■ Your goal:
In this exercise, the entries below include pictures. Repeat exactly the lines from the line with "국회로 온 추경안, 여야" to the line with "2016 NISSAN GT-R", including both, but without the pictures.

■ Dataset entries:

.....

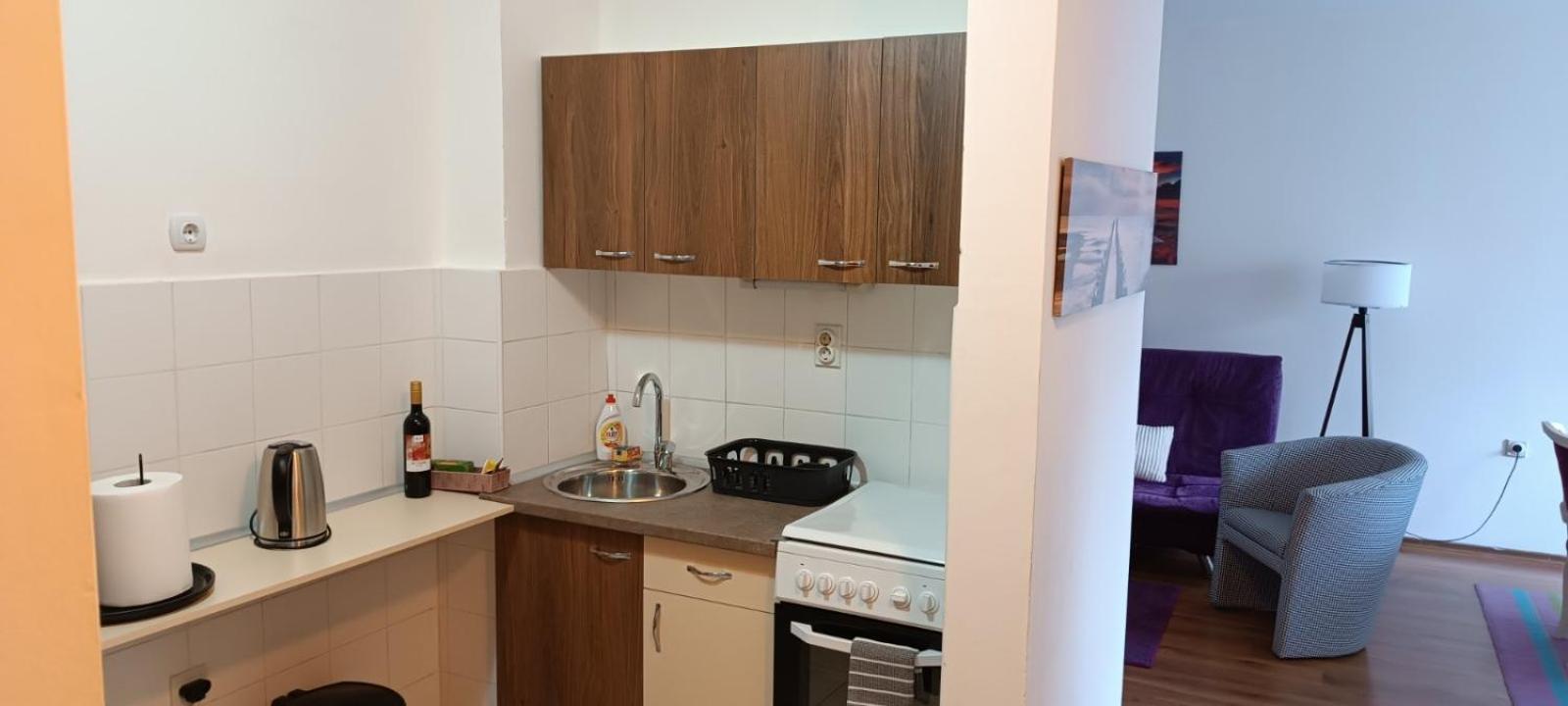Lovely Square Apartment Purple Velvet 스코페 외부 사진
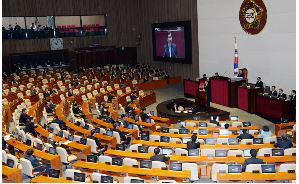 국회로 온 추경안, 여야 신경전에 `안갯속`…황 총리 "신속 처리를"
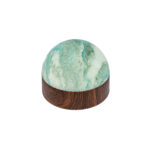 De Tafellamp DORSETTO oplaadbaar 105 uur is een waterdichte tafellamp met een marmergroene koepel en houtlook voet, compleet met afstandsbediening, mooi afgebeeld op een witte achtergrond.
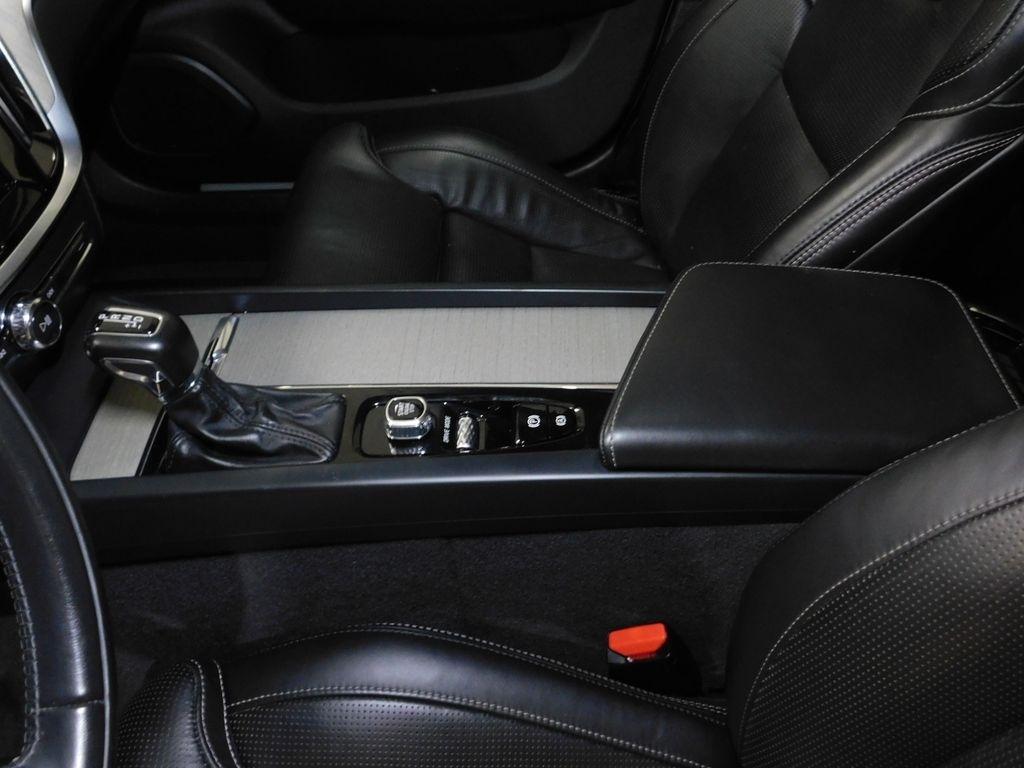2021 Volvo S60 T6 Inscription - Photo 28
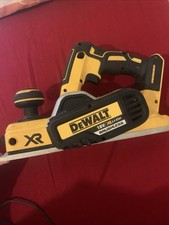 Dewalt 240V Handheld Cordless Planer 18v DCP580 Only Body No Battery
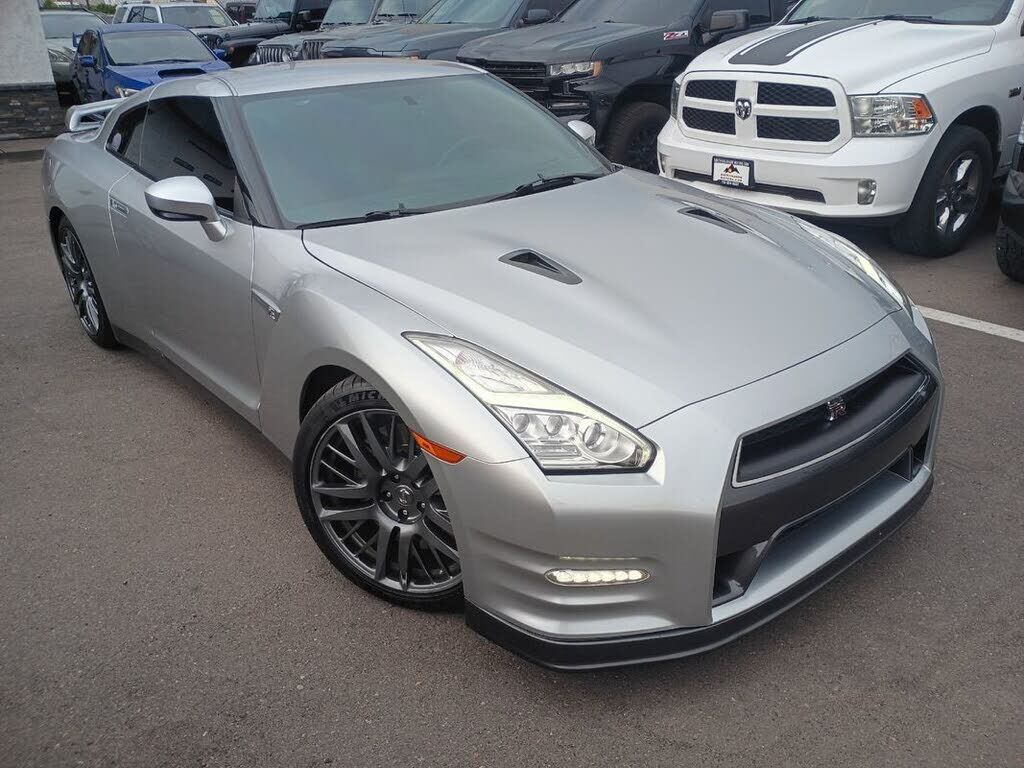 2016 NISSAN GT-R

.....

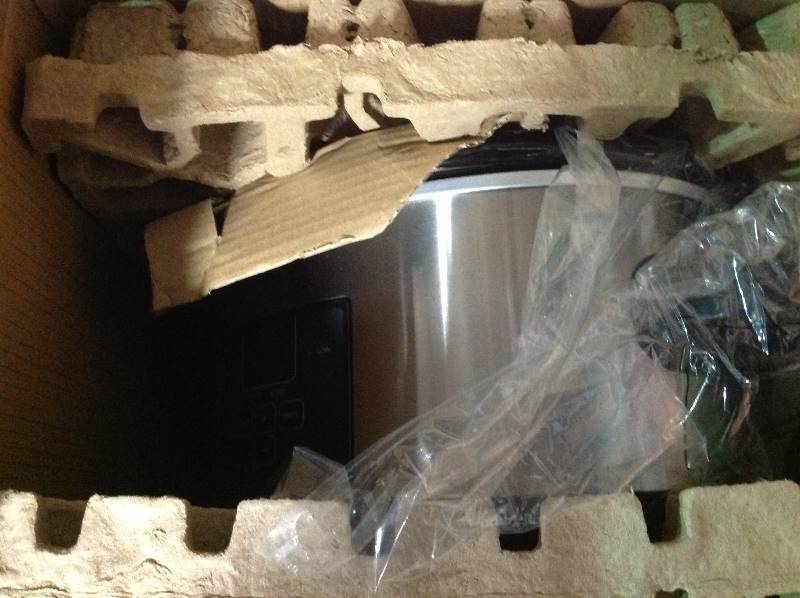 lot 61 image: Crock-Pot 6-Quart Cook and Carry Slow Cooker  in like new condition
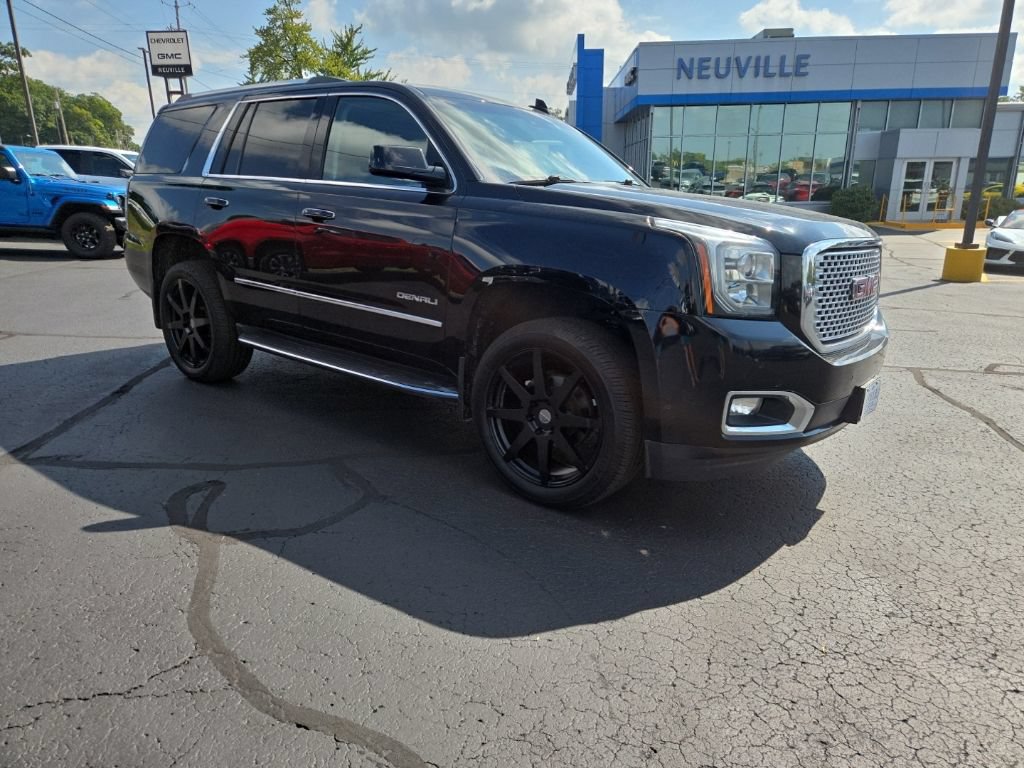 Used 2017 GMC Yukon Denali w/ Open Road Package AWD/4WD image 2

.....

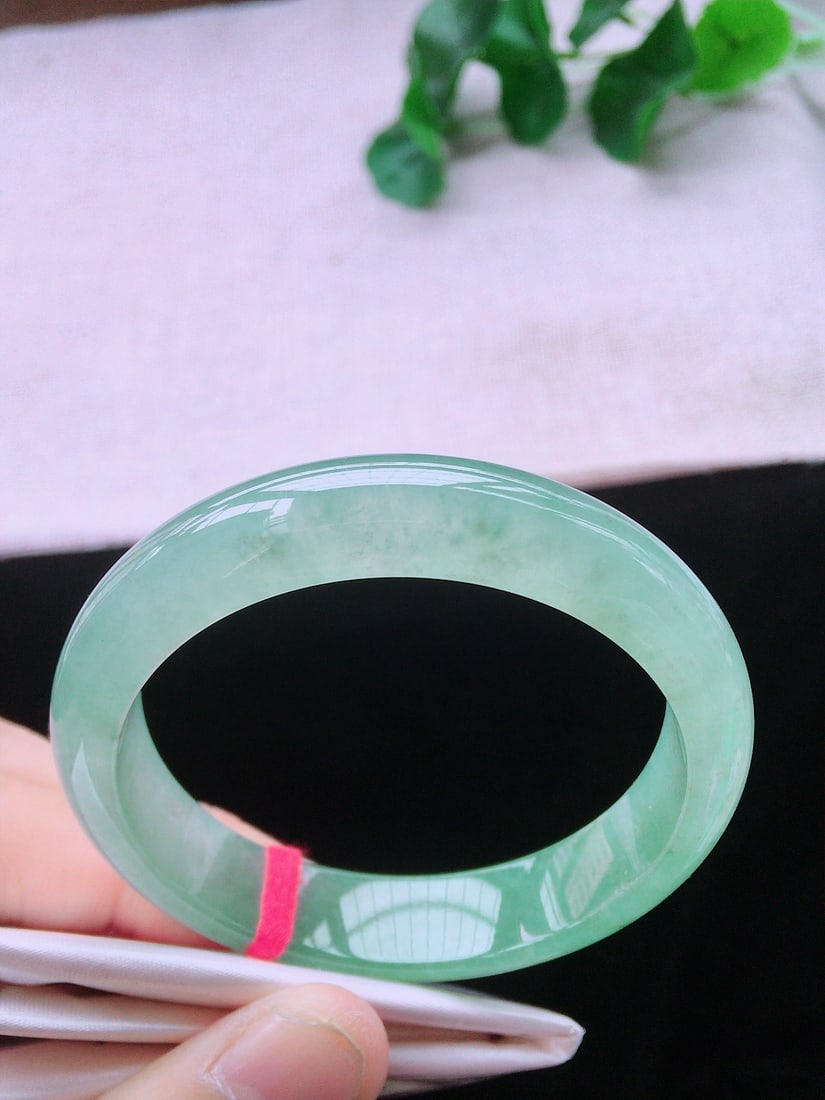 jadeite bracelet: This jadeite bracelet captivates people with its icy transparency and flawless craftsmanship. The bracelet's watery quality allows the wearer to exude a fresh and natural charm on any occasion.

.....

■ Written reply:
 국회로 온 추경안, 여야 신경전에 `안갯속`…황 총리 "신속 처리를"
 De Tafellamp DORSETTO oplaadbaar 105 uur is een waterdichte tafellamp met een marmergroene koepel en houtlook voet, compleet met afstandsbediening, mooi afgebeeld op een witte achtergrond.
2021 Volvo S60 T6 Inscription - Photo 28
 Dewalt 240V Handheld Cordless Planer 18v DCP580 Only Body No Battery
 2016 NISSAN GT-R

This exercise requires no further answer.